Saved entries:
========================================

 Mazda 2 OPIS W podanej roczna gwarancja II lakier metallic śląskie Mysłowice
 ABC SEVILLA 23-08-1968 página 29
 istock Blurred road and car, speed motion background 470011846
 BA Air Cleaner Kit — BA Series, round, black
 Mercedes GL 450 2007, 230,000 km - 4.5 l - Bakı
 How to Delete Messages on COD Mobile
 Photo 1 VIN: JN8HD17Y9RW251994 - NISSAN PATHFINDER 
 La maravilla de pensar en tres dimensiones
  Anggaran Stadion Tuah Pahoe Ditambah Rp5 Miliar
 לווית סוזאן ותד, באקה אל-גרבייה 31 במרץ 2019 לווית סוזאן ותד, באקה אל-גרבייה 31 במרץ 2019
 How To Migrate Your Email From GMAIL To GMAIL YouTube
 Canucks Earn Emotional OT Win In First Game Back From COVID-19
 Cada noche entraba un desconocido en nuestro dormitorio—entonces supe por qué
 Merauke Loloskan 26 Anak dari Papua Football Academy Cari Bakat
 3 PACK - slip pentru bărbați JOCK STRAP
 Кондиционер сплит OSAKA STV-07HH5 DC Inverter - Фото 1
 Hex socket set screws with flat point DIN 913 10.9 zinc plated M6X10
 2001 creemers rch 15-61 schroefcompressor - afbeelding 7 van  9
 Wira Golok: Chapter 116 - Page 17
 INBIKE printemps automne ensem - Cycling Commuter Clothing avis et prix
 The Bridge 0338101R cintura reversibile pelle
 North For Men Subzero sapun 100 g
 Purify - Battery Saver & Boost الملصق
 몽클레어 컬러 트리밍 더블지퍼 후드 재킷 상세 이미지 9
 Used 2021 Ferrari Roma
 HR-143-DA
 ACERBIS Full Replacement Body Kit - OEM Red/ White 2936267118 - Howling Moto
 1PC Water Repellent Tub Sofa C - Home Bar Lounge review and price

========================================

▸ WORK INSTRUCTION
Please return the lines above that run from the line containing "Кондиционер сплит OSAKA" to the line containing "Wira Golok: Chapter 116 - Page 17", inclusive, exactly and with no other lines.

▸ WRITTEN RESPONSE
 Кондиционер сплит OSAKA STV-07HH5 DC Inverter - Фото 1
 Hex socket set screws with flat point DIN 913 10.9 zinc plated M6X10
 2001 creemers rch 15-61 schroefcompressor - afbeelding 7 van  9
 Wira Golok: Chapter 116 - Page 17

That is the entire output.